>>>

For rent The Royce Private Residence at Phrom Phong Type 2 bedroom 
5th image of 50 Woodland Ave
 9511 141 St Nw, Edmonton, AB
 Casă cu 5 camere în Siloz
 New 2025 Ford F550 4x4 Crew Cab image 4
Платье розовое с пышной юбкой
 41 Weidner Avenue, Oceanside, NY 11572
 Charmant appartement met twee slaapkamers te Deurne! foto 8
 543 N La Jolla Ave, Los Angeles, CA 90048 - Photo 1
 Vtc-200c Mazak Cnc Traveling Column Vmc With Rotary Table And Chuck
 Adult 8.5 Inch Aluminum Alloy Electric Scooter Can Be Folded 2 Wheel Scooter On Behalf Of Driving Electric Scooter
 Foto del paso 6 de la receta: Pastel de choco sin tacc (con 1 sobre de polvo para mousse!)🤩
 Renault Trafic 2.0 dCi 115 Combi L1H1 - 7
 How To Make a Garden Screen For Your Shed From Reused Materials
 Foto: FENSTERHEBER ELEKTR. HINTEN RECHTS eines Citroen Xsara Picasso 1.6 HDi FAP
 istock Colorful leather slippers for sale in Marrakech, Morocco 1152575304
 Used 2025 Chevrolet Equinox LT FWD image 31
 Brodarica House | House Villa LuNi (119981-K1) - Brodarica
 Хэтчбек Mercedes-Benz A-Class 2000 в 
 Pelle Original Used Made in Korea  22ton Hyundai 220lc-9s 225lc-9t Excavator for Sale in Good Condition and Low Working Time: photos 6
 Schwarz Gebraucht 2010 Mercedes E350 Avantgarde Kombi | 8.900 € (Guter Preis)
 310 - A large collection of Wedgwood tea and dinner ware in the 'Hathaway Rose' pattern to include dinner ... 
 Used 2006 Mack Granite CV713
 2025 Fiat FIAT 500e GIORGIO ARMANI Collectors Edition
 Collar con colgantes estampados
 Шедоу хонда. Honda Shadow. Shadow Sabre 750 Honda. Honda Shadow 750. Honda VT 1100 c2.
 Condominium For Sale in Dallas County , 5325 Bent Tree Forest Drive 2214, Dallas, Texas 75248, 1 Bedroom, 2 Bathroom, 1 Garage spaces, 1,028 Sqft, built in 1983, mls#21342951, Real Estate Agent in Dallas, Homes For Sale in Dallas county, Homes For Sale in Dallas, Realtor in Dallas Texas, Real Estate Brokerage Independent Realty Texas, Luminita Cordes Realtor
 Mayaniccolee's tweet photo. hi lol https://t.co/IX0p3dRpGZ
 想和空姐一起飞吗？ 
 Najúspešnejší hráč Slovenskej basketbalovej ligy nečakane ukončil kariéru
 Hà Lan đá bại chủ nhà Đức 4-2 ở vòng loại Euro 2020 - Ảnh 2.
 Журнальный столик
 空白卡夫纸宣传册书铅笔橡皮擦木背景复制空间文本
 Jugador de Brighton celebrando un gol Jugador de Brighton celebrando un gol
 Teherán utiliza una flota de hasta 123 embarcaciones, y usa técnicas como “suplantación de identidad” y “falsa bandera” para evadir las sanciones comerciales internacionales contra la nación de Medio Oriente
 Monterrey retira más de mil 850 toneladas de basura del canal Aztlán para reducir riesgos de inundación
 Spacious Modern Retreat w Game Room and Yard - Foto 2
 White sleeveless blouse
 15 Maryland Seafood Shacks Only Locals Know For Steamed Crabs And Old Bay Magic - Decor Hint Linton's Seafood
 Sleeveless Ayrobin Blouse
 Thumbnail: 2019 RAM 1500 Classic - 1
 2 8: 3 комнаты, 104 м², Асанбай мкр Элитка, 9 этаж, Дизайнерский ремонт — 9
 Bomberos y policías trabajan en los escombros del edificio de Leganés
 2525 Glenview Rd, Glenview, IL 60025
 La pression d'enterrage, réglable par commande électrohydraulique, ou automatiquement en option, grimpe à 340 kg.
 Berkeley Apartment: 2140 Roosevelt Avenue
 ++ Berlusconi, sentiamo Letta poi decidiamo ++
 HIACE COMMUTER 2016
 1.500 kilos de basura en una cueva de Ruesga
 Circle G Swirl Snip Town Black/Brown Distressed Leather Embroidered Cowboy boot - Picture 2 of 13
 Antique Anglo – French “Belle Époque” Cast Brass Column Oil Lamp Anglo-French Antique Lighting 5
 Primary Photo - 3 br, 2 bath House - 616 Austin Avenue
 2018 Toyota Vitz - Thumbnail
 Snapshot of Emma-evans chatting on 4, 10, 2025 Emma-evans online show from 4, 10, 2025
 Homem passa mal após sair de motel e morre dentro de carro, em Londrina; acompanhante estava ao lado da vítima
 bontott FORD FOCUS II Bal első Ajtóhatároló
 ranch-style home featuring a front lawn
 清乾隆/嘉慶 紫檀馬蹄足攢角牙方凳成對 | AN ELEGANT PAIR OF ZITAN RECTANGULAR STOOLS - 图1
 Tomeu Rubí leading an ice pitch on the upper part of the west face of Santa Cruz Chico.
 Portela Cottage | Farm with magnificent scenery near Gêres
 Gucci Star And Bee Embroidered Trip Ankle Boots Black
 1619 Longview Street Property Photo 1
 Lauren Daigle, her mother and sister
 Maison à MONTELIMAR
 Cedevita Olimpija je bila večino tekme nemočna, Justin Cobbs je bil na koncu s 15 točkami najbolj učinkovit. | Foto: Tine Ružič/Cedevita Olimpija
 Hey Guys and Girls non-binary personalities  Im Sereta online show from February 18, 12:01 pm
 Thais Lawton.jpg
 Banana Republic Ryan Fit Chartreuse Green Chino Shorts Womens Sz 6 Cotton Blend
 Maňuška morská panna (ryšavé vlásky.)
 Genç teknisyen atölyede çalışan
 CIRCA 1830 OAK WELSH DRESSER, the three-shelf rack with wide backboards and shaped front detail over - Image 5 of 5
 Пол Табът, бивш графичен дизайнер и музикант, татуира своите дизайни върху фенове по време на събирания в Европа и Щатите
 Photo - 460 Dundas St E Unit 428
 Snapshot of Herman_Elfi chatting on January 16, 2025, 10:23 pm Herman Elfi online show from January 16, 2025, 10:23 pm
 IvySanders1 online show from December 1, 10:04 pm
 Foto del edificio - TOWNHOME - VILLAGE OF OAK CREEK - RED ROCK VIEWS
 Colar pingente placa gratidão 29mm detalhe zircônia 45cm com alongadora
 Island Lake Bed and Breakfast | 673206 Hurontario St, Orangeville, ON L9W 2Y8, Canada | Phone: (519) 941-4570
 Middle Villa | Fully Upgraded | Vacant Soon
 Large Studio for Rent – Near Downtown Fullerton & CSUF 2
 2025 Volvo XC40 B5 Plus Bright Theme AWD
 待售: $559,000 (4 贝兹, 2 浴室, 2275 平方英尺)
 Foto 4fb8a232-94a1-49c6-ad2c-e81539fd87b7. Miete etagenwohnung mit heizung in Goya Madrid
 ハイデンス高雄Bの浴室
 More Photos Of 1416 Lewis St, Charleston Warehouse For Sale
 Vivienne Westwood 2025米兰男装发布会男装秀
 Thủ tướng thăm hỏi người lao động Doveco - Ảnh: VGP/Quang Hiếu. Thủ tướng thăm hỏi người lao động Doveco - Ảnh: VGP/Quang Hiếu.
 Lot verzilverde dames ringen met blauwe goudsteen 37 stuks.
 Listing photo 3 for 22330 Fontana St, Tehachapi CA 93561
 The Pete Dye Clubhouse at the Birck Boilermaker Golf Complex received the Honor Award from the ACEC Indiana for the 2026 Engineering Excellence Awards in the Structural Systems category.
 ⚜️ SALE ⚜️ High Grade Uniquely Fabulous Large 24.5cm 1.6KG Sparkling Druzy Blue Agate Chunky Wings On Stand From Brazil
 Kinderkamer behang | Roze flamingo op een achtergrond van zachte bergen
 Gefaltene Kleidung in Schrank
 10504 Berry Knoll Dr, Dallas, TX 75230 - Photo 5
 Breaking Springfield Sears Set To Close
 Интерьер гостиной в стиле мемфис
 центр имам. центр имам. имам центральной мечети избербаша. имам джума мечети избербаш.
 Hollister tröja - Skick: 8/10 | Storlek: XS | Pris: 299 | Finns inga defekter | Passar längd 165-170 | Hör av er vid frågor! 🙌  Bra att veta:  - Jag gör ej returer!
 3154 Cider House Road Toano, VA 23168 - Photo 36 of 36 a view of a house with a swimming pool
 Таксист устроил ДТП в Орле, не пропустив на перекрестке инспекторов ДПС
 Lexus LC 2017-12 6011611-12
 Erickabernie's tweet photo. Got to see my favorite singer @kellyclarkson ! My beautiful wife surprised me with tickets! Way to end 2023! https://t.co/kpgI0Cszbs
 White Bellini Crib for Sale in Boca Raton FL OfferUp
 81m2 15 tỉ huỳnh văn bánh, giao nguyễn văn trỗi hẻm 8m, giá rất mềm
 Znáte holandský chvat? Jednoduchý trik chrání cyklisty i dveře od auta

<<<

* Required action:
Give back exactly the lines above, from the line containing "Kinderkamer behang |" through the line containing "3154 Cider House", with both end lines and nothing more.

* Reply to the exercise:
 Kinderkamer behang | Roze flamingo op een achtergrond van zachte bergen
 Gefaltene Kleidung in Schrank
 10504 Berry Knoll Dr, Dallas, TX 75230 - Photo 5
 Breaking Springfield Sears Set To Close
 Интерьер гостиной в стиле мемфис
 центр имам. центр имам. имам центральной мечети избербаша. имам джума мечети избербаш.
 Hollister tröja - Skick: 8/10 | Storlek: XS | Pris: 299 | Finns inga defekter | Passar längd 165-170 | Hör av er vid frågor! 🙌  Bra att veta:  - Jag gör ej returer!
 3154 Cider House Road Toano, VA 23168 - Photo 36 of 36 a view of a house with a swimming pool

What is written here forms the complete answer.